A carne de porco carregou por muito tempo a fama de ser uma inimiga da saúde do coração. No entanto, o cenário da suinocultura mudou e, com ele, a qualidade do produto que chega à mesa. Cortes mais magros e novas informações nutricionais mostram que, quando consumida de forma equilibrada, a carne suína pode, sim, fazer parte de uma dieta saudável.
O grande debate sempre girou em torno da gordura. É fato que o consumo excessivo de gordura saturada está associado a problemas cardiovasculares. Contudo, a carne de porco disponível hoje é significativamente mais magra do que a de décadas atrás, resultado de avanços na criação e alimentação dos animais.
Cortes como o lombo e o filé mignon suíno, por exemplo, são tão magros quanto um peito de frango sem pele, com alguns cortes chegando a ter menos de 4 gramas de gordura total por porção de 100 gramas. A chave está na escolha da peça e, principalmente, no modo de preparo. Optar por métodos como assar, grelhar ou cozinhar em vez de fritar faz toda a diferença para manter o prato saudável.
Mitos sobre colesterol e gordura
Um dos principais mitos é que a carne de porco aumenta automaticamente o colesterol ruim (LDL). O impacto no colesterol está mais ligado à quantidade total de gordura saturada e trans na dieta do que a um único alimento. Um corte magro de porco, consumido com moderação, não é o vilão.
Além disso, a carne suína é uma fonte rica de nutrientes essenciais. Ela oferece proteínas de alta qualidade, fundamentais para a construção e reparo dos músculos. Também é uma das melhores fontes de tiamina (vitamina B1), vital para o metabolismo energético, e fornece outras vitaminas do complexo B, como a B12, além de minerais como zinco, selênio e ferro.
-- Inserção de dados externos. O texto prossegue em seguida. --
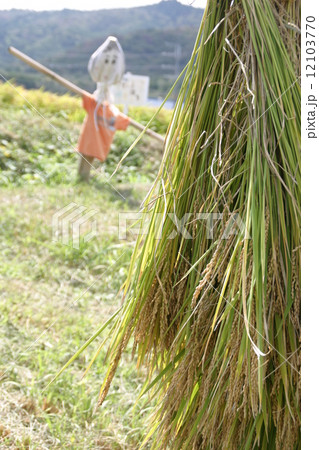 稲刈りとかかし 12103770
Como consumir de forma inteligente
Para incluir a carne de porco na rotina sem preocupações, especialistas recomendam o consumo de cortes magros de duas a três vezes por semana, dentro de uma dieta balanceada. A primeira dica é dar preferência aos cortes magros e remover qualquer gordura visível antes do preparo. Preste atenção também aos acompanhamentos: combine a proteína com muitos vegetais e carboidratos integrais.
Outro ponto de atenção são os produtos processados, como linguiças, bacon e presuntos. Esses alimentos geralmente contêm altos níveis de sódio, conservantes e gorduras. A Organização Mundial da Saúde (OMS) classifica carnes processadas como carcinogênicas e recomenda que seu consumo seja limitado. Portanto, o ideal é priorizar a carne suína fresca em suas preparações diárias.